|
|
|
|
Homework 2 - z86 Programming and Implementation
Out: Friday January 13
Part A Due: Wednesday January 19, 11:59 PM
Part B Due: Wednesday January 26, 11:59 PM
Turnin: Online
Assignment Goals
- Get a feel for what hardware instruction sets look like
- Get a feel for what the hardware does
- Get a feel for what the code that is actually running on the hardware is like
- Get a feel for what an assembler does
Overview
This is a two part assignment. For Part A you will write a small
program in machine code. There is no compiler or assembler, so you'll
be writing in hex.
For Part B you will implement a processor simulator in C. The
simulator will be capable of running the program you wrote in Part A.
Both parts of the assignment are based on the z86 architecture, which is a version of the y86
architecture, which itself is a simplification of the x86 architecture.

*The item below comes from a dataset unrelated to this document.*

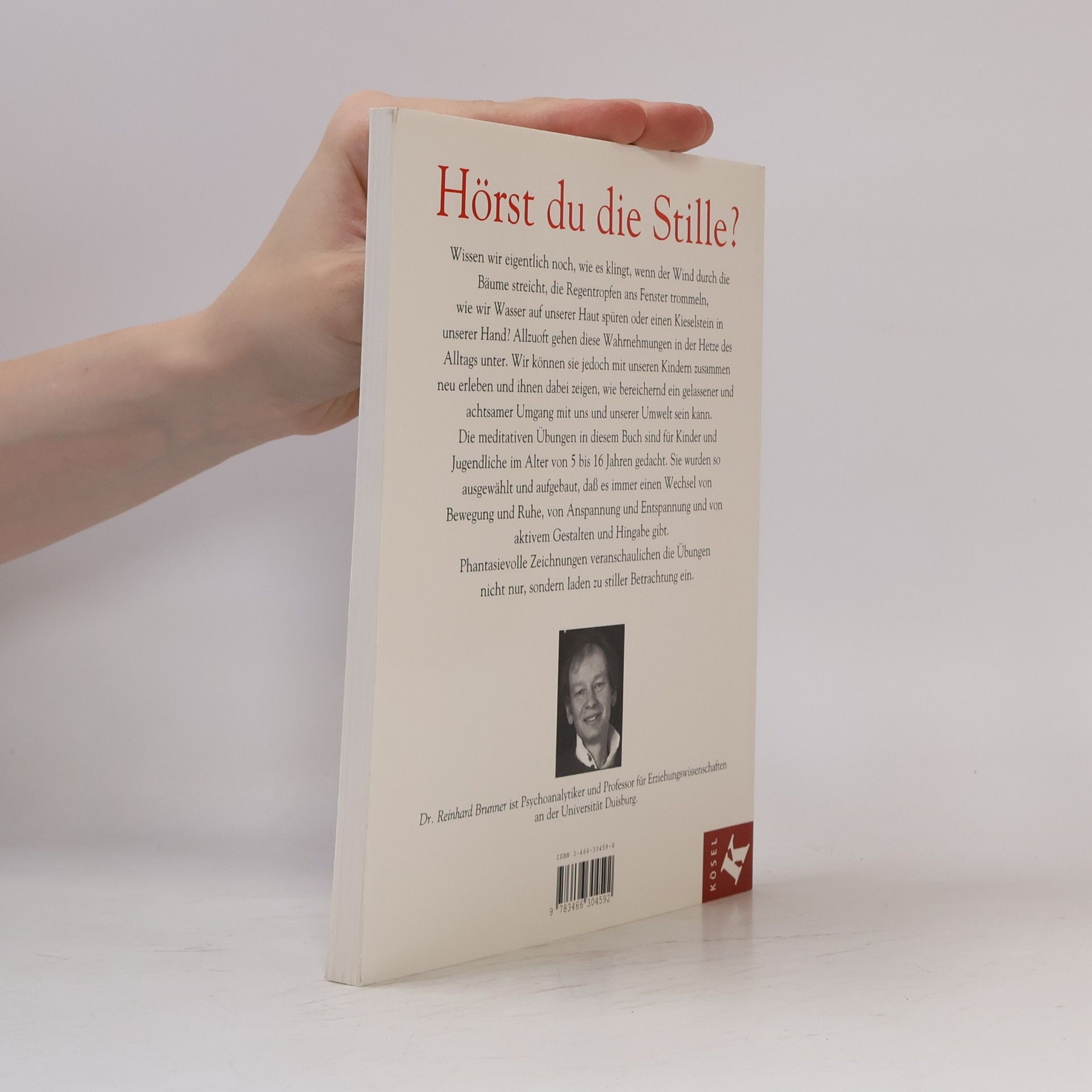 Reinhard Brunner Hörst du die Stille?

The y86 architecture is described (primarily) in Section 4.1 of the text,
and you'll find that section helpful. The x86 architecture is described
(primarily) in Section 3 of the book, and you shouldn't need to look at that
for this assignment.
Differences between he z86 and y86 architectures are described here.
z86 Architecture Overview
An instruction set architecture (ISA) defines the components of the hardware interface
that are visible to a programmer. This includes things like the number of registers,
the number of bits in each register, the instructions that are available, and how
the instructions are encoded as bit strings.
Programmer Visible State
The "programmer visible state" of the z86 is nearly identical to that
of the y86, shown in Figure 4.1 of the text (page 337):
- There are 8 32-bit registers, which are programmer controlled storage
on the CPU chip.
- There is a program counter (PC), which holds the memory address of the next
instruction to be executed. The PC is incremented automatically by the
hardware to the next sequential instruction each time an instruction
is fetched from memory. Programmers can cause non-sequential execution
using jump (sometimes called branch) instructions.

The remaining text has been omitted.